- Allegiance: East Roman Empire
- Rank: magister militum

= Gulfaris =

Gulfaris also Gulfari (fl. 599) was a Lombard from Istria who entered Byzantine service and became a magister militium. He was of Lombard descent, as evidenced by his name. Gulfaris is also credited as dux Istriae.

In the early Middle Ages, Lombard kings conquered and invaded Istria several times, sometimes in alliance with the Slavs, as in 601 (or 602), although the extent of their settlement of the peninsula is a matter of debate. Gulfaris was renowned for his good deeds. He might have been the same person as an Ulfari, lord of Treviso, who is known for rebelling against the Arian king Agilulf. Gulfaris is said to have opposed the Istrian supporters of the Three Chapters schism. He was called "glorious son" by Pope Gregory.

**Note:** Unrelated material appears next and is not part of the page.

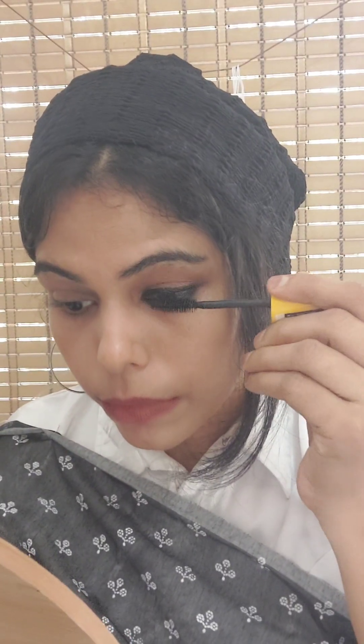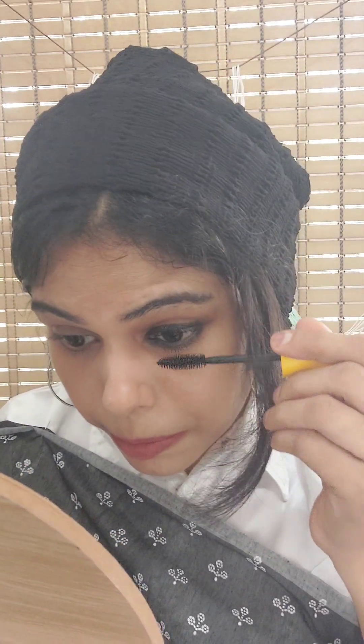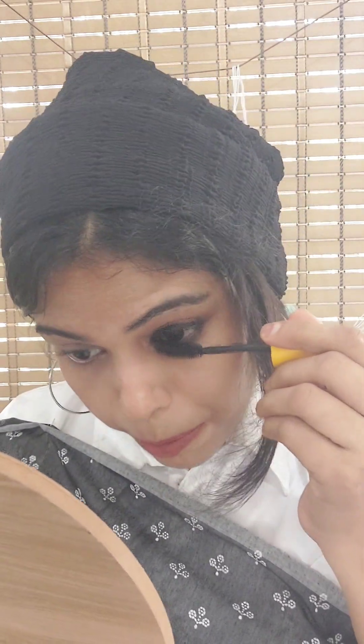I've made a bit of eyeliner. I'm going to paint a little bit on the palette. I put a Colossal mascara on the face. Then I put a tie and peel it. I'll put a little time on my face.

Gulfaris is best known for being the subject of an epistle by Pope Gregory (Gregory to Gulfaris). In the letter the Pope compliments Gulfaris for his faith and loyalty to the apostolic church.

Gulfaris remained in Istria after the establishment of the Exarchate of Ravenna, becoming one of the several dukes of Lombard descent in the Byzantine provinces. Unlike the exarch, who was of eastern origin, the provincial commanders came from different backgrounds.